For debt collection agencies, recovery rates average between 20% and 30%. Fresh debts, less than 6 months old, can achieve higher recovery rates of 70% to 90% in B2B contexts, highlighting the importance of timely collection efforts.

By comparing your collection rates with these benchmarks, you can identify areas for improvement and align your strategies to industry standards, ultimately enhancing your financial outcomes.

Calculate Collection Rate with Harvest

Discover how Harvest can streamline your billing process and help you achieve optimal collection rates with precise tracking tools.

Harvest dashboard showing collection rate calculation tools

Calculate Collection Rate FAQs

  • A collection rate is the percentage of billed amounts that are successfully collected. It's crucial for maintaining cash flow and financial health, ensuring that a business can meet its obligations and invest in growth.
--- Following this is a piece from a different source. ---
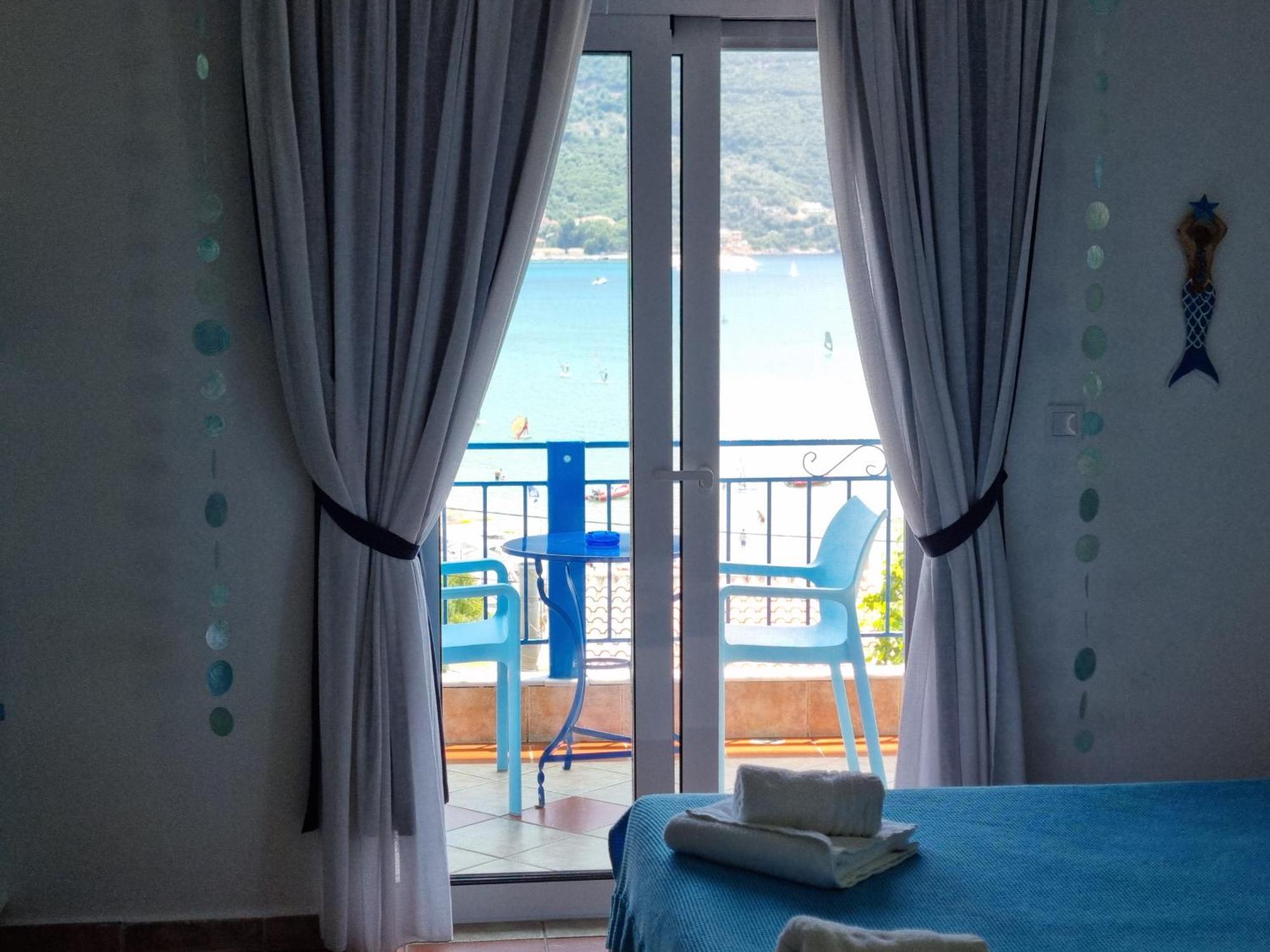 Wild Seagull Apartment Vasiliki  Exterior photo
  • The collection rate is calculated by dividing total payments by total charges, then multiplying by 100. For net collection rate, use collectible charges after adjustments. This formula helps assess billing efficiency.

  • A good net collection rate in healthcare typically exceeds 95%. Top providers aim for 99% or higher, indicating efficient billing and collections processes.

  • Older debts are harder to collect. Debts over two years old see declining recovery rates, while debts less than 6 months old can achieve up to 90% recovery in B2B scenarios.

  • To improve collection rates, streamline billing processes, offer digital payment options, and maintain regular follow-up on outstanding invoices. These practices enhance cash flow efficiency.

  • Offering digital payment solutions can reduce the average collection period by up to 30%, making it easier for clients to pay promptly and improving overall collection rates.

  • Benchmarks vary by industry. In healthcare, a net collection rate of 95% or higher is typical. Debt collection agencies average 20-30% recovery, with higher rates for newer debts.